Mitos da Busca e Apreensão de Veículos | Parte II




Parte II


Agora que você já viu os primeiros mitos, vamos continuar?





4 – Os bancos só podem entrar com busca e apreensão depois de três parcelas em atraso 

– Essa também é uma lenda urbana que foi se formando com o tempo. E se formou porque na prática, a partir de 90 dias de atraso, os bancos passam a dar um outro tratamento aos contratos, o nível de provisão aumenta, etc. O cálculo do nível de inadimplência leva em conta o que tem menos de 90 dias de atraso e o que tem mais de 90 dias.

Por essa razão, como regra, os bancos tentam de toda maneira resolver amigavelmente antes dos 90 dias. Aliás, essa é uma boa dica de negociação. Se você tem chance de botar em dia seu contrato, a chance de conseguir uma condição mais favorável (dispensando multa, juros de mora, OU a comissão de permanência, lembra do item anterior?) aumenta quando se está quase chegando nos 90 dias de atraso.

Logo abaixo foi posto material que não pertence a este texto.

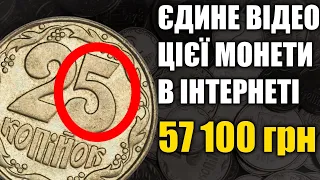 реально КУПІВЛЯ, НАЙДОРОЖЧІ 25 копійок, які МОЖНА ЗНАЙТИ!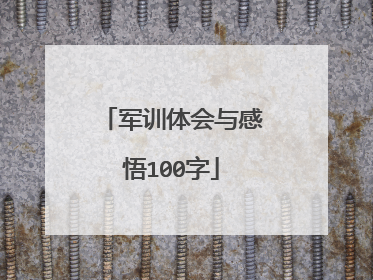 军训体会与感悟100字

Mas isso não é uma regra fixa. De acordo com o contrato que você assinou, e de acordo com a lei que regula a busca e apreensão, nada impede que o banco entre com a ação para pegar seu carro no dia seguinte ao do vencimento da primeira parcela. CLARO que isso não é comum. E CLARO, também que, entre o dia que o banco decide ajuizar sua ação e o dia que o oficial de justiça vai bater na sua porta, geralmente leva um tempão, salvo exceções (seja por agilidade do foro, o que é meio raro, seja por “interesses” que a gente ouve que existem, e que fazem as coisas andarem mais rápido). Eu já vi ação de busca e apreensão ajuizada e no mesmo dia o juiz dá a liminar, o mandado é expedido e o bem é apreendido.

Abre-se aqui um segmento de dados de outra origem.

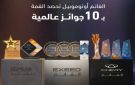 الغانم أوتوموبيل تحصد 10 جوائز إقليمية وعالمية تعكس ريادتها في قطاع السيارات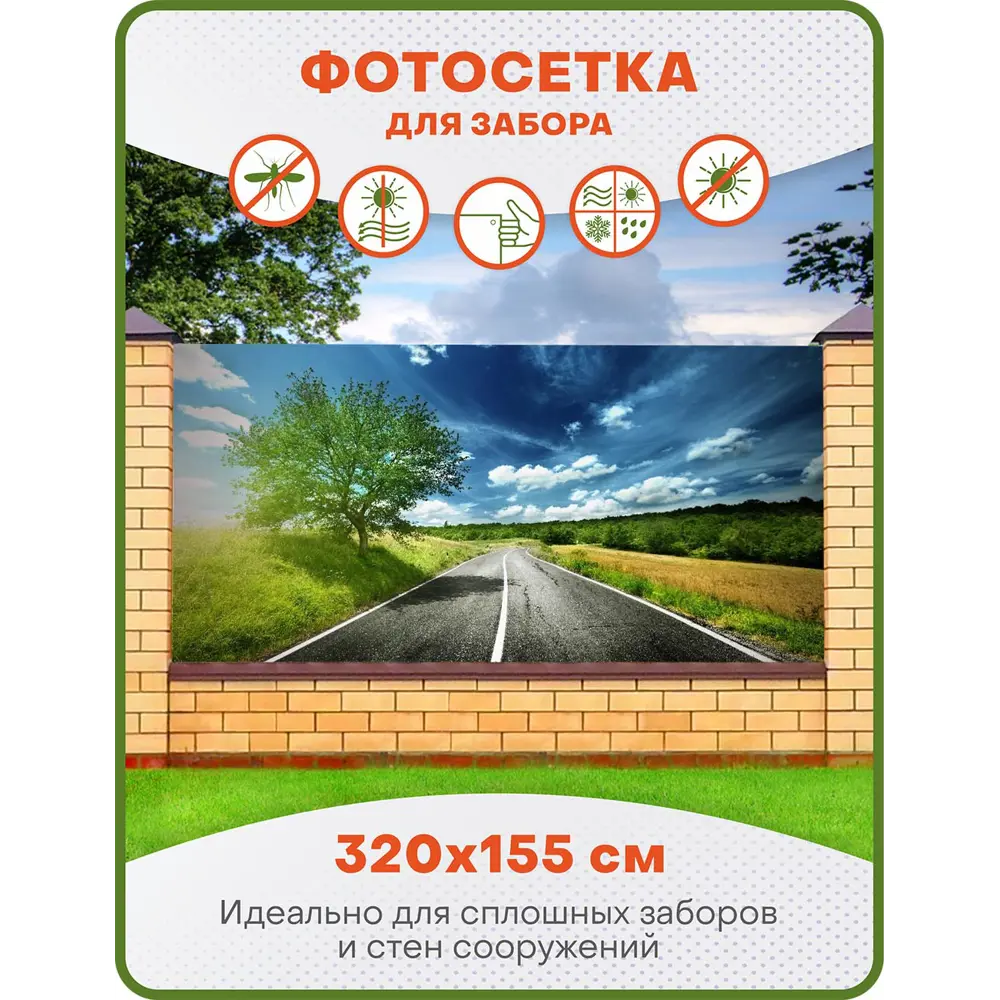 Фото Фотосетка для забора Art Дорога в Тоскане 320x155см Фото Фотосетка для забора Art Дорога в Тоскане 320x155см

Mas como regra (lembra que admite exceção) eu diria que entre o dia que você atrasa a primeira parcela e o dia que o seu carro vai ser apreendido, pode-se levar uns quatro meses. Mas fica esperto. Ficou devendo, já começa a procurar aconselhamento sério, porque esse prazo pode ser menor.

Outra coisa importante, e que vamos falar mais nos próximos itens, é que antes de entrar com a ação, o banco precisa te notificar formalmente do atraso. 

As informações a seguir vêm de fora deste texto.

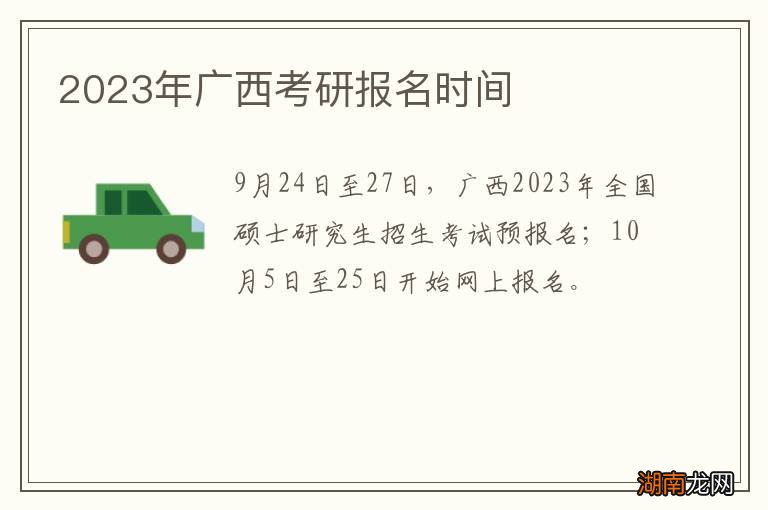 2023年广西考研报名时间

Até novembro de 2014, a notificação tinha que ser através do Cartório de Títulos e Documentos. Agora simplificou, basta que o banco te mande uma carta registrada, e qualquer pessoa no teu endereço pode assinar.

Veja o exato texto da lei:

“A mora decorrerá do simples vencimento do prazo para pagamento e poderá ser comprovada por carta registrada com aviso de recebimento, não se exigindo que a assinatura constante do referido aviso seja a do próprio destinatário.”

Chama-se a isso a “notificação para constituição em mora.” É um requisito formal para que o juiz possa autorizar a busca e apreensão do teu bem.

Então, entre ficar inadimplente, o banco notificar formalmente o devedor (constituição em mora), entrar com a ação e apreender o bem, VIA DE REGRA, você tem uns meses para respirar e se reorganizar.


5 – A notificação para busca e apreensão tem que ser de um cartório da cidade do devedor 

– Essa é uma discussão que já está superada. Antes da lei 13.043, de novembro de 2014, se discutia se a notificação tinha que ser feita pelo cartório da cidade do devedor.

A justiça já tinha decidido que podia ser a partir do cartório de qualquer cidade. Portanto, se você tem alguma ação judicial em que este é um dos argumentos, saiba que suas chances são mínimas.

E a partir de novembro de 2014, basta que o banco te mande uma carta registrada, com aviso de recebimento, conforme falei no item anterior. Se qualquer pessoa no seu endereço receber a correspondência, o banco já pode entrar com a ação de busca e apreensão.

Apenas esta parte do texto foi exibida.